● TASK OBJECTIVE: Print the data below exactly, but only the lines from the one containing "English Elm Twin" down to the one containing "NOLG5-VI0-0 Dining Ensemble", inclusive.

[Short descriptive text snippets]
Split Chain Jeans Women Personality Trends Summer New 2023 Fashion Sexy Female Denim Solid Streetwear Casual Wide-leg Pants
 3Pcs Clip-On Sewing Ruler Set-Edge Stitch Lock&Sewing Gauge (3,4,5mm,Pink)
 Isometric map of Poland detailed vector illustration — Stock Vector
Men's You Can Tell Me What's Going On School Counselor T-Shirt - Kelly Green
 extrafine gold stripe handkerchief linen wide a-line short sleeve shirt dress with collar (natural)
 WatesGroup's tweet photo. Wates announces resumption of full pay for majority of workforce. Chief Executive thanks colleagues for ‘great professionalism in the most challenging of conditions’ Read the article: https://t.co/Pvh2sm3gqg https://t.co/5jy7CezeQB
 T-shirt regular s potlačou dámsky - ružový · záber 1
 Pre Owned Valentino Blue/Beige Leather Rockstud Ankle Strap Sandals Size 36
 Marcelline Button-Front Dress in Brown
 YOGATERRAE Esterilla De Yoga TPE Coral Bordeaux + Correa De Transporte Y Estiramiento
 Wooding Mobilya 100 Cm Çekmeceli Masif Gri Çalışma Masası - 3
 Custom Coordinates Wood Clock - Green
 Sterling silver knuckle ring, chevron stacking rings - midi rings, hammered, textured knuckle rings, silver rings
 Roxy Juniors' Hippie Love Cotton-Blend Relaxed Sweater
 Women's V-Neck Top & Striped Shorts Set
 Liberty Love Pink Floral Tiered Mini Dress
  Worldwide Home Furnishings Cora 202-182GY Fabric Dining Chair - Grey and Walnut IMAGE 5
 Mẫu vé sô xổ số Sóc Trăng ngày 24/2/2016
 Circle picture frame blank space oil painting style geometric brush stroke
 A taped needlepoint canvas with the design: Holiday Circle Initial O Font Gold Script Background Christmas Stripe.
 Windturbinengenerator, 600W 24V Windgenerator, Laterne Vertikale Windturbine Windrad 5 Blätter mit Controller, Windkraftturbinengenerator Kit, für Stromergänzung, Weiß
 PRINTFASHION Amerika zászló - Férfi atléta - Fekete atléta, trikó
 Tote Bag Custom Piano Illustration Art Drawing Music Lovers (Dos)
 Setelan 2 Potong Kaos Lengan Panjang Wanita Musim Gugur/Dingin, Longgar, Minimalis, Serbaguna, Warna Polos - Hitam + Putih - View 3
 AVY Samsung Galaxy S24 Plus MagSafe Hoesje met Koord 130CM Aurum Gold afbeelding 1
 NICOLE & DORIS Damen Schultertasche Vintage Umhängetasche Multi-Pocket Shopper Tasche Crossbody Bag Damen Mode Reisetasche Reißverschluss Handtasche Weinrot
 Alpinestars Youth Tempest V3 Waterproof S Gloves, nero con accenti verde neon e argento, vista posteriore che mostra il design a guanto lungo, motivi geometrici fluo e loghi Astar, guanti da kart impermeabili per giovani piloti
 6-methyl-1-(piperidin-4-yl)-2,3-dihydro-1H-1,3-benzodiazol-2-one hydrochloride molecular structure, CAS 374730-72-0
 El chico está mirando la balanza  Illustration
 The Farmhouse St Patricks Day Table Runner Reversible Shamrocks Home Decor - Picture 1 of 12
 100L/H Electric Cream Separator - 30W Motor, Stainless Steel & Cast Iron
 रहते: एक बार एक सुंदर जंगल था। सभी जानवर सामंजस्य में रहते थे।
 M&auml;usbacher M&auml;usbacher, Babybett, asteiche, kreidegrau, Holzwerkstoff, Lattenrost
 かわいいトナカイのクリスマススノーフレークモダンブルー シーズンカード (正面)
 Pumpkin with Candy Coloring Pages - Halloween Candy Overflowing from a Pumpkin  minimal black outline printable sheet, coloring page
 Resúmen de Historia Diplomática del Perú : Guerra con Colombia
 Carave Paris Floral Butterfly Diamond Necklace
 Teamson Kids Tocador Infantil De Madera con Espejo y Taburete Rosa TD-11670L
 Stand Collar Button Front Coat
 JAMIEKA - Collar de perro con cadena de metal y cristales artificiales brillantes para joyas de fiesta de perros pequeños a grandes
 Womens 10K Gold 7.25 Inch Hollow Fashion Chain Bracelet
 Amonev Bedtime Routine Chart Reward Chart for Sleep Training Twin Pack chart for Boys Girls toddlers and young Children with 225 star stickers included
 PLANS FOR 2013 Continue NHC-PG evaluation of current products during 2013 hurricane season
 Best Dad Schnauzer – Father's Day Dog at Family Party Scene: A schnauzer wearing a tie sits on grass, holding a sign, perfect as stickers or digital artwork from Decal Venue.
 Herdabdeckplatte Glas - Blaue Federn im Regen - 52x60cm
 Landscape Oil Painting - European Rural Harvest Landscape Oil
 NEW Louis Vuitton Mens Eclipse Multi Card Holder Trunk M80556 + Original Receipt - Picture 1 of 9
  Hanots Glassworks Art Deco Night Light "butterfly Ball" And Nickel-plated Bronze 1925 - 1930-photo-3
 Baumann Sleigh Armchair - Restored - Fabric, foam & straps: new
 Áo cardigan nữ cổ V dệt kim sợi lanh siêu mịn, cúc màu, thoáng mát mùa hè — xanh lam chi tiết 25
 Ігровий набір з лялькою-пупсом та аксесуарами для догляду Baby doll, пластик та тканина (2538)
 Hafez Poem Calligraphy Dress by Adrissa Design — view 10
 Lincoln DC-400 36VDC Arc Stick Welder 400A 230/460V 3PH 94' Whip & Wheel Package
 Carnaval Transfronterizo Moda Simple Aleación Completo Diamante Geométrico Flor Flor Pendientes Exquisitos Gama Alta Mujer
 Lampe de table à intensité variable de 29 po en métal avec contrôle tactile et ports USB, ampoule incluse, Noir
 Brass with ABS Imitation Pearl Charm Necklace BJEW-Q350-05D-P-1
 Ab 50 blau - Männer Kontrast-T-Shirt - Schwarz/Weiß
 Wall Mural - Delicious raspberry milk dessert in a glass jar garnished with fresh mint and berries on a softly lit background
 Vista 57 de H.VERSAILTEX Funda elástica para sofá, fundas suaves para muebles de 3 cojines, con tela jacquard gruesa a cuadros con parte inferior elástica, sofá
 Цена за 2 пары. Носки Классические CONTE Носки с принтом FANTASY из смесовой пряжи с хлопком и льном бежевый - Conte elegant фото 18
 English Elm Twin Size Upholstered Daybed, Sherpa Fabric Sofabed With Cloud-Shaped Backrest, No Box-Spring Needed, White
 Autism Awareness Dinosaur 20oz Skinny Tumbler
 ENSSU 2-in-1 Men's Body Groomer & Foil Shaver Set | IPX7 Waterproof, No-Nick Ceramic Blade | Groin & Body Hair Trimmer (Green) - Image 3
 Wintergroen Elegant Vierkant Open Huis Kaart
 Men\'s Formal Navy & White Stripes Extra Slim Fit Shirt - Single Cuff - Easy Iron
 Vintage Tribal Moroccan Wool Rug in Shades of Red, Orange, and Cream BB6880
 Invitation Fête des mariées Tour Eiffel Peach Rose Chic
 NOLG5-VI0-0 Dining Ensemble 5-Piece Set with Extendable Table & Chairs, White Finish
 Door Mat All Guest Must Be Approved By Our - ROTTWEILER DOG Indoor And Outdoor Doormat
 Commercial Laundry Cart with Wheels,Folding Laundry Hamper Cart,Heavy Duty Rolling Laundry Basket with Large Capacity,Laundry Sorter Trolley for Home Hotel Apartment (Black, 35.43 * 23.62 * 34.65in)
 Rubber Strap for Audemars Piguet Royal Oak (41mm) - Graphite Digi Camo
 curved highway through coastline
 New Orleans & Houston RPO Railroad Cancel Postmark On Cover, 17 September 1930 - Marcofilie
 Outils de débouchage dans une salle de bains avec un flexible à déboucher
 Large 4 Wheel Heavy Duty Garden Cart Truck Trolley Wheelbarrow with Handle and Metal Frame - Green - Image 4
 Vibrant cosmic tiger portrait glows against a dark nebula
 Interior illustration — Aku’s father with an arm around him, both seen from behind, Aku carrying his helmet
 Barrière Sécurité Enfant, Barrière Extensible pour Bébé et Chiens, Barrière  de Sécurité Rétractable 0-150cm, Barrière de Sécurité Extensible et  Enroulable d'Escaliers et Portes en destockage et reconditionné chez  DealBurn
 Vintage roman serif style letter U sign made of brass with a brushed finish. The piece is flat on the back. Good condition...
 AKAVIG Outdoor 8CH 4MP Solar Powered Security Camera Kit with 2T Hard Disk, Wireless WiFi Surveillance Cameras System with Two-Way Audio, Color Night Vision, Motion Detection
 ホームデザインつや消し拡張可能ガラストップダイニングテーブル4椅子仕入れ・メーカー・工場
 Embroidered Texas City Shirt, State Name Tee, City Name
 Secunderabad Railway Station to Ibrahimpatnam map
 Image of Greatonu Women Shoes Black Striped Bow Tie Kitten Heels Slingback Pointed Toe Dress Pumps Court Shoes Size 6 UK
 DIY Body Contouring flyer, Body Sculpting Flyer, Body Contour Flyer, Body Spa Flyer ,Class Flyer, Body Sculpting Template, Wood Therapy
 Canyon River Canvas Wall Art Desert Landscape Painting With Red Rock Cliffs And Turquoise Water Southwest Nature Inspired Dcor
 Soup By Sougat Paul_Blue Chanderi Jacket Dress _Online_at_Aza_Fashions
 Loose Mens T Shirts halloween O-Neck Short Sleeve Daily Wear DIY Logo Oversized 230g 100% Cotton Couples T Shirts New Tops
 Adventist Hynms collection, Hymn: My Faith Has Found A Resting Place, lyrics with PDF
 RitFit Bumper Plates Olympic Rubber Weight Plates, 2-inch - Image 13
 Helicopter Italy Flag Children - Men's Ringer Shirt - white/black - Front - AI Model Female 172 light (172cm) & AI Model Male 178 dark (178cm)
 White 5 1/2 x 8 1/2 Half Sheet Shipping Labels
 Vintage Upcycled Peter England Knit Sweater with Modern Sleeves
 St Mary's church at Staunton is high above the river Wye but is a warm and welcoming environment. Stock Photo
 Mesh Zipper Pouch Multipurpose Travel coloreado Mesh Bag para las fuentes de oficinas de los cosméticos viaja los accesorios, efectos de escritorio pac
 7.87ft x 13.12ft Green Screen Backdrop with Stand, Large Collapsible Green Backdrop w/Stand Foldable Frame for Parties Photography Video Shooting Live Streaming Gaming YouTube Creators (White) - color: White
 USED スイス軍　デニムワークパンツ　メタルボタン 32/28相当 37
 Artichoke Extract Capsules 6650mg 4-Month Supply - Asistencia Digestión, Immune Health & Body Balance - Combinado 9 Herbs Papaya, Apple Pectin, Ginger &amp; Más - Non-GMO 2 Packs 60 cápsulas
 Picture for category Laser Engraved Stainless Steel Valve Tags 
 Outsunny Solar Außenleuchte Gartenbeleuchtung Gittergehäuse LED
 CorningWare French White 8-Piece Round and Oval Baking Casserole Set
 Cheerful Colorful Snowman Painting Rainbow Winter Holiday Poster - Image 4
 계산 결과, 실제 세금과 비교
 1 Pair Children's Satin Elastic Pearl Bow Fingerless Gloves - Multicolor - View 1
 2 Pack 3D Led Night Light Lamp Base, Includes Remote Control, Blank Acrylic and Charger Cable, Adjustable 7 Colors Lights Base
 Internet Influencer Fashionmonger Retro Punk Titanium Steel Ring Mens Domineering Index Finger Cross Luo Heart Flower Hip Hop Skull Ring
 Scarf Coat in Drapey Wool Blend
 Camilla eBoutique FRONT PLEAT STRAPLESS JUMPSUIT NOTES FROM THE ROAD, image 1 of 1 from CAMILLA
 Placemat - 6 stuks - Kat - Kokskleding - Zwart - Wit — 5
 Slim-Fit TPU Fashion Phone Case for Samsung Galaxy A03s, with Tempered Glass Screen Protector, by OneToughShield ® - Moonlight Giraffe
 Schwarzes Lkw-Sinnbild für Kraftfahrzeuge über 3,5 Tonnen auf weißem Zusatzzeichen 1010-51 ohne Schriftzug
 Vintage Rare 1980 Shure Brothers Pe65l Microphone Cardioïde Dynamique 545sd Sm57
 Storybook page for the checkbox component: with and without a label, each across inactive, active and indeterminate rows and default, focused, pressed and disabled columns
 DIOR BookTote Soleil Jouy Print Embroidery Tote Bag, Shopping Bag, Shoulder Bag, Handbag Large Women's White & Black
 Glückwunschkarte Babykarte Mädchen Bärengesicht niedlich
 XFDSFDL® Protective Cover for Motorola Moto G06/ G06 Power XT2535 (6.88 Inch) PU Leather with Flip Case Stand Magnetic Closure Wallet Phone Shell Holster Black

● EXERCISE RESULT:
 English Elm Twin Size Upholstered Daybed, Sherpa Fabric Sofabed With Cloud-Shaped Backrest, No Box-Spring Needed, White
 Autism Awareness Dinosaur 20oz Skinny Tumbler
 ENSSU 2-in-1 Men's Body Groomer & Foil Shaver Set | IPX7 Waterproof, No-Nick Ceramic Blade | Groin & Body Hair Trimmer (Green) - Image 3
 Wintergroen Elegant Vierkant Open Huis Kaart
 Men\'s Formal Navy & White Stripes Extra Slim Fit Shirt - Single Cuff - Easy Iron
 Vintage Tribal Moroccan Wool Rug in Shades of Red, Orange, and Cream BB6880
 Invitation Fête des mariées Tour Eiffel Peach Rose Chic
 NOLG5-VI0-0 Dining Ensemble 5-Piece Set with Extendable Table & Chairs, White Finish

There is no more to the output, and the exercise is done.